Возможно, что свою проделку он даже поставил себе в заслугу. Объяснил ее как нечто «романтичное» или даже «возвышенное». Голь на выдумки хитра. По крайне мере, и Влас Дорошевич, изменив на этот раз своему огромному таланту сатирика и юмориста, смастерил в своем посвященном «воскресению» Буланже фельетоне какую-то сложную концепцию о двойственной природе души русского интеллигента. Недаром сам был интеллигент. Не интеллигент, а, скажем, мужичок или рабочий посмотрел бы на это дело попроще.

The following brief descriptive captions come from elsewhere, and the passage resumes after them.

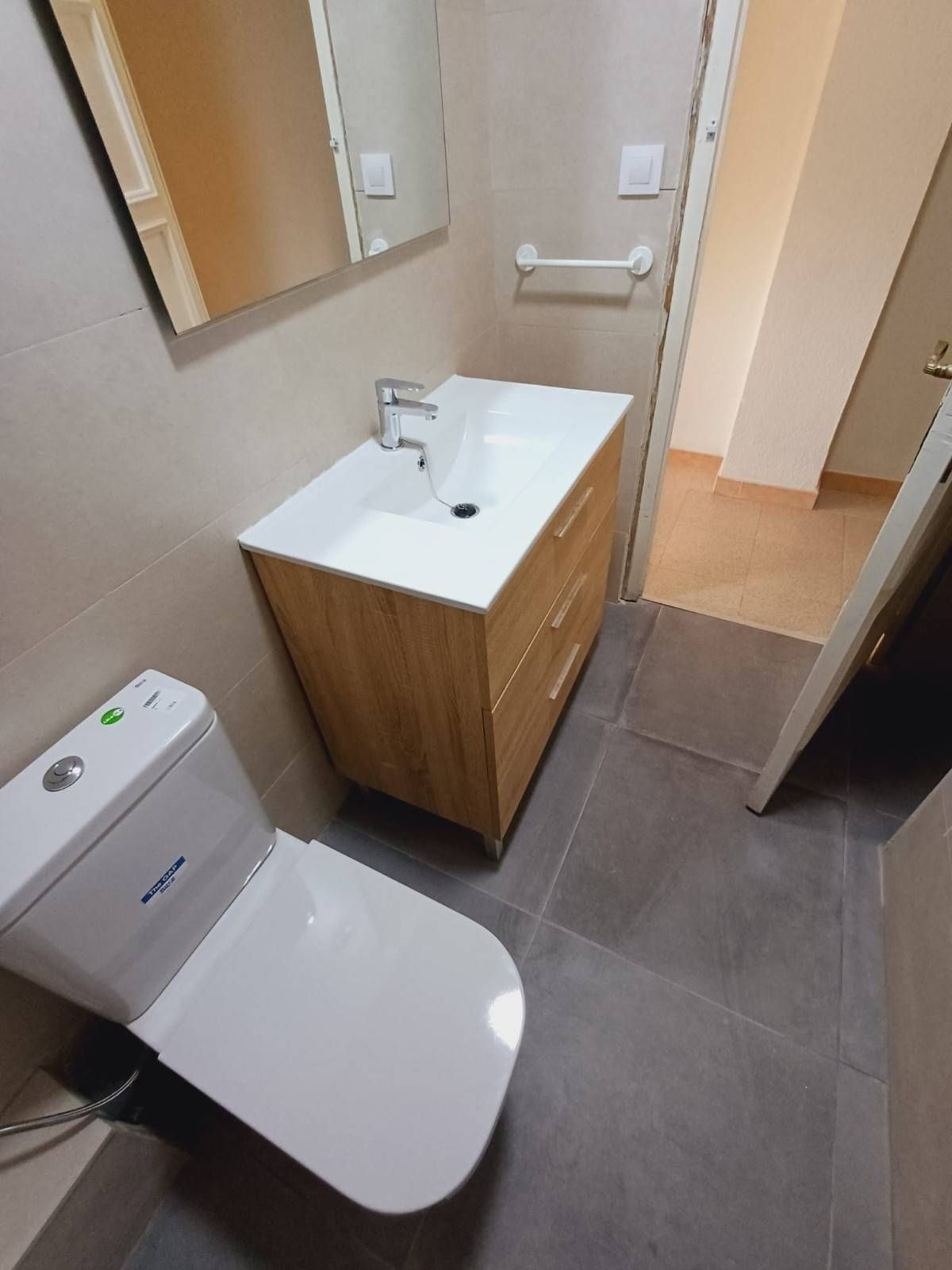 Baño con inodoro, lavabo y mueble. Suelo gris, paredes color canela y espejo.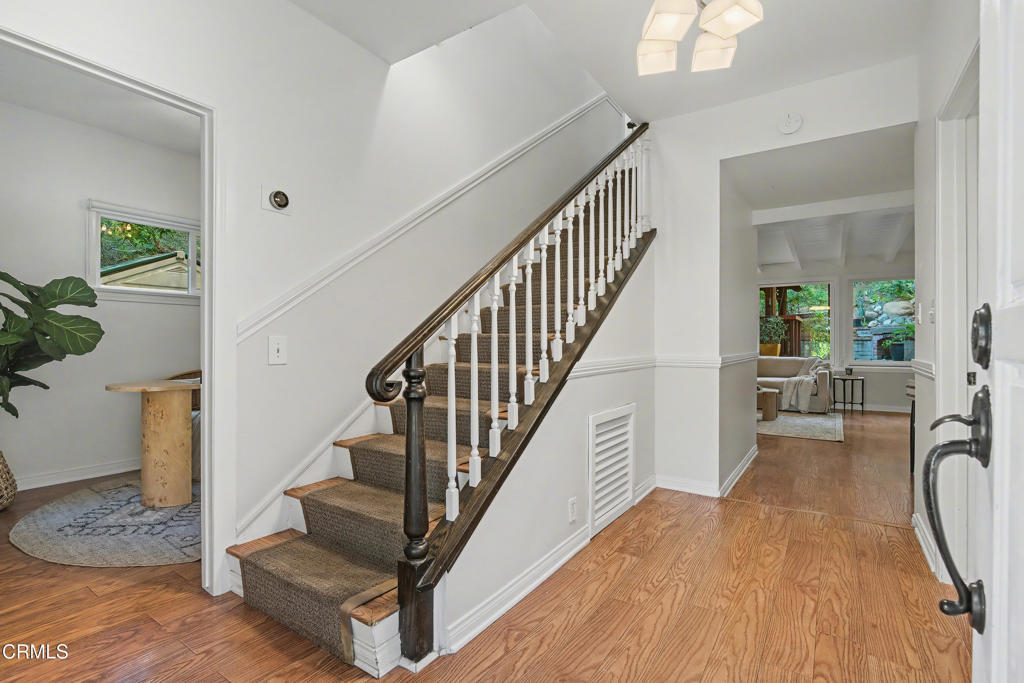 640 Chaparral Road Sierra Madre, CA 91024 - Photo 16 of 25 a view of entryway and hall with wooden floor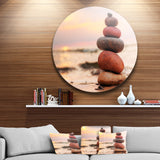 Stones Pyramid on Sand Symbolizing Zen' Landscape Metal Circle Wall Art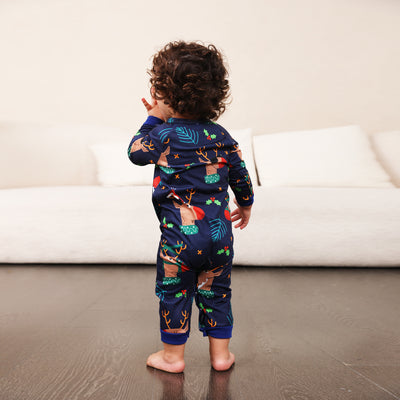 Family Christmas pajamas with a cartoon reindeer wearing a Santa hat and red scarf on a black top, and dark blue pants with a repeating reindeer and holly patte - Image 10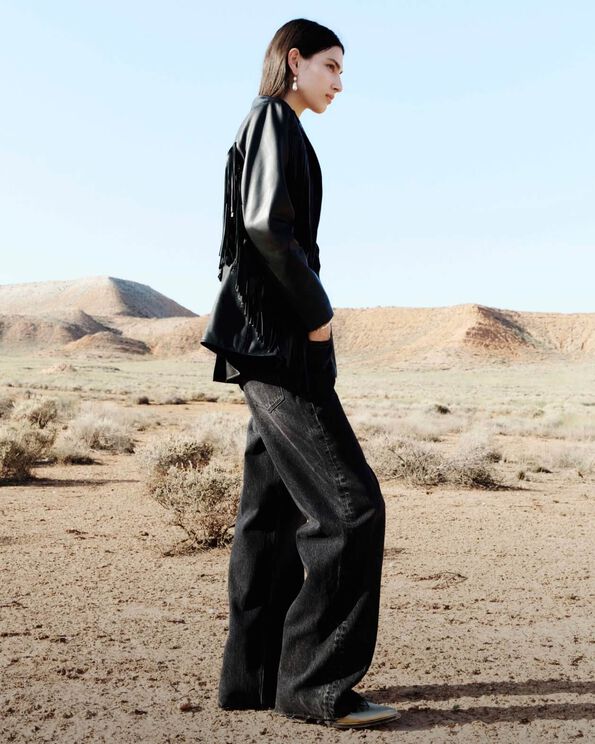 Ein Profilfoto eines Models, das eine schwarze Lederjacke mit Fransen und schwarze Jeans mit weitem Bein trägt und in der Wüste steht.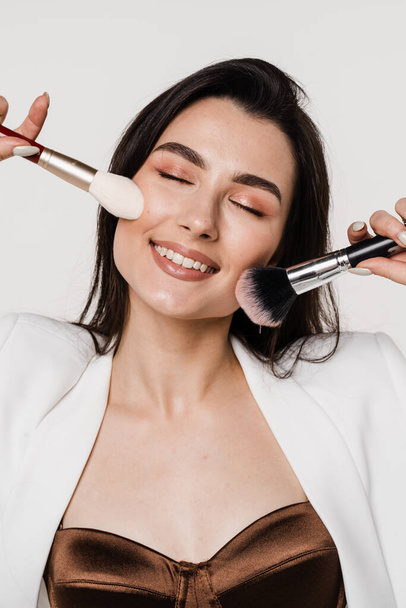 Professional make-up artist with makeup brushes on white background. Attractive girl is holding eye shadow brushes and smiling - Фото, зображення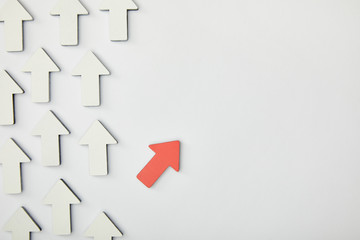 top view of red arrow near white pointers on grey background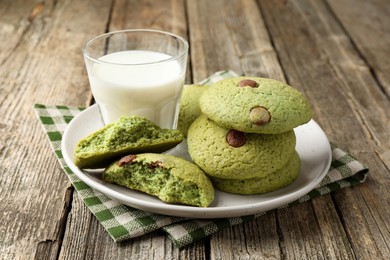 Photo of Delicious mint chocolate chip cookies and milk on wooden table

Так или иначе, Буланже «простили». Везде простили. И в Ясной Поляне тоже, куда, как это ни удивительно, бывший «самоубийца» имел все-таки смелость явиться снова.

Он начал опять переводить с английского всякие благочестивые брошюры для «Посредника», написал компилятивную статью о буддизме, для которой, хоть и с трудом, но достал «паспорт», то есть предисловие, у Льва Николаевича. Словом, преуспевал.